Below is a set of entries. Reproduce exactly the lines from the one containing "North Dakota State" through the end, both included.
··· Data for review ···
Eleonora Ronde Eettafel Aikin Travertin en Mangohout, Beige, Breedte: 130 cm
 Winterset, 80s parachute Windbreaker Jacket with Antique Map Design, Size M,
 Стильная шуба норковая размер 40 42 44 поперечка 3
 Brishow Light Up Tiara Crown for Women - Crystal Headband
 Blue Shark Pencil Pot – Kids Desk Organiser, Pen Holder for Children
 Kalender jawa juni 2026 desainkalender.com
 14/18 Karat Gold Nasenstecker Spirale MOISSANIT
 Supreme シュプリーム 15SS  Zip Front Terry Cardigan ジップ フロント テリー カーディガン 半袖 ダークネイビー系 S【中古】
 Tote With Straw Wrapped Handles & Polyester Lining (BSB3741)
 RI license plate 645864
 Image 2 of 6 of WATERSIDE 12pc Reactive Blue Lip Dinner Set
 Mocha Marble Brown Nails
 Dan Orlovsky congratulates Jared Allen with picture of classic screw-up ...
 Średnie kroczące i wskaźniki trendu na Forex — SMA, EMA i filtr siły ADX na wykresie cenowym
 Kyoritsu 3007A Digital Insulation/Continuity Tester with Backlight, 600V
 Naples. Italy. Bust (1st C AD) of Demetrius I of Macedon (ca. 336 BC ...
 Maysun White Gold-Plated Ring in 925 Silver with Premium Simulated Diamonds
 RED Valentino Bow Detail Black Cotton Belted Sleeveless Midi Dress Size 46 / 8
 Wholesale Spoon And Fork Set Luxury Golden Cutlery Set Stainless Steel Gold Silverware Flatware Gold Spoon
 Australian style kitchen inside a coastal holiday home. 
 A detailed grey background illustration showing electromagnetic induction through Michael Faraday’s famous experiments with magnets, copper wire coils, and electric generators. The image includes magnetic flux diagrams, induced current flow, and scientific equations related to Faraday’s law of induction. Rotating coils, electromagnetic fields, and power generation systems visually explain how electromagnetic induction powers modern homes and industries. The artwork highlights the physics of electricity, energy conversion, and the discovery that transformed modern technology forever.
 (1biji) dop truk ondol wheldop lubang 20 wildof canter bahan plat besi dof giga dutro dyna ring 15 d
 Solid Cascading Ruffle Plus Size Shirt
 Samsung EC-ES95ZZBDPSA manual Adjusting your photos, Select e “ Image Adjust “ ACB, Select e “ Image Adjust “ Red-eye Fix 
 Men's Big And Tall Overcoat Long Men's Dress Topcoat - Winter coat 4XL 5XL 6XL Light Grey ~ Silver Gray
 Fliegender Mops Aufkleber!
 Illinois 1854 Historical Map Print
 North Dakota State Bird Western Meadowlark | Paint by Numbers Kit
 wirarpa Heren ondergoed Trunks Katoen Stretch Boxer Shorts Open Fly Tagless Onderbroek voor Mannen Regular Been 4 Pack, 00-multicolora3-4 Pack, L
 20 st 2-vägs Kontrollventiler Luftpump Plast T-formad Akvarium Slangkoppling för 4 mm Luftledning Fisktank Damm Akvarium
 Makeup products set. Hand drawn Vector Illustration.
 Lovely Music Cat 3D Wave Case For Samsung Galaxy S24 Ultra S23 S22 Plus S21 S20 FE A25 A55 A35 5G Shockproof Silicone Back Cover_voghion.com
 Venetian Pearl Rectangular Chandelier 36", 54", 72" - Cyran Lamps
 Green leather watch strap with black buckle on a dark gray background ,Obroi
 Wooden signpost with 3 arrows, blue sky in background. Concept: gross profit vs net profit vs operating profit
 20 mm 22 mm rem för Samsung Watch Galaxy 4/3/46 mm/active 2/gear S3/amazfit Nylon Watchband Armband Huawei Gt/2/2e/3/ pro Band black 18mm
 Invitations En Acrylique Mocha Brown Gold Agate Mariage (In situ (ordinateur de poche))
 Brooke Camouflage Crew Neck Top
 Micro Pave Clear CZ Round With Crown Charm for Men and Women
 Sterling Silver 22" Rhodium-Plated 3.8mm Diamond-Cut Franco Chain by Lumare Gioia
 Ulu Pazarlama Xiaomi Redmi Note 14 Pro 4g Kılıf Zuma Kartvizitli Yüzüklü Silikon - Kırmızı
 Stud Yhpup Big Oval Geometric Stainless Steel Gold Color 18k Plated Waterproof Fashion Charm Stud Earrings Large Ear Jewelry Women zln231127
···
▶ [Exercise solution]:
 North Dakota State Bird Western Meadowlark | Paint by Numbers Kit
 wirarpa Heren ondergoed Trunks Katoen Stretch Boxer Shorts Open Fly Tagless Onderbroek voor Mannen Regular Been 4 Pack, 00-multicolora3-4 Pack, L
 20 st 2-vägs Kontrollventiler Luftpump Plast T-formad Akvarium Slangkoppling för 4 mm Luftledning Fisktank Damm Akvarium
 Makeup products set. Hand drawn Vector Illustration.
 Lovely Music Cat 3D Wave Case For Samsung Galaxy S24 Ultra S23 S22 Plus S21 S20 FE A25 A55 A35 5G Shockproof Silicone Back Cover_voghion.com
 Venetian Pearl Rectangular Chandelier 36", 54", 72" - Cyran Lamps
 Green leather watch strap with black buckle on a dark gray background ,Obroi
 Wooden signpost with 3 arrows, blue sky in background. Concept: gross profit vs net profit vs operating profit
 20 mm 22 mm rem för Samsung Watch Galaxy 4/3/46 mm/active 2/gear S3/amazfit Nylon Watchband Armband Huawei Gt/2/2e/3/ pro Band black 18mm
 Invitations En Acrylique Mocha Brown Gold Agate Mariage (In situ (ordinateur de poche))
 Brooke Camouflage Crew Neck Top
 Micro Pave Clear CZ Round With Crown Charm for Men and Women
 Sterling Silver 22" Rhodium-Plated 3.8mm Diamond-Cut Franco Chain by Lumare Gioia
 Ulu Pazarlama Xiaomi Redmi Note 14 Pro 4g Kılıf Zuma Kartvizitli Yüzüklü Silikon - Kırmızı
 Stud Yhpup Big Oval Geometric Stainless Steel Gold Color 18k Plated Waterproof Fashion Charm Stud Earrings Large Ear Jewelry Women zln231127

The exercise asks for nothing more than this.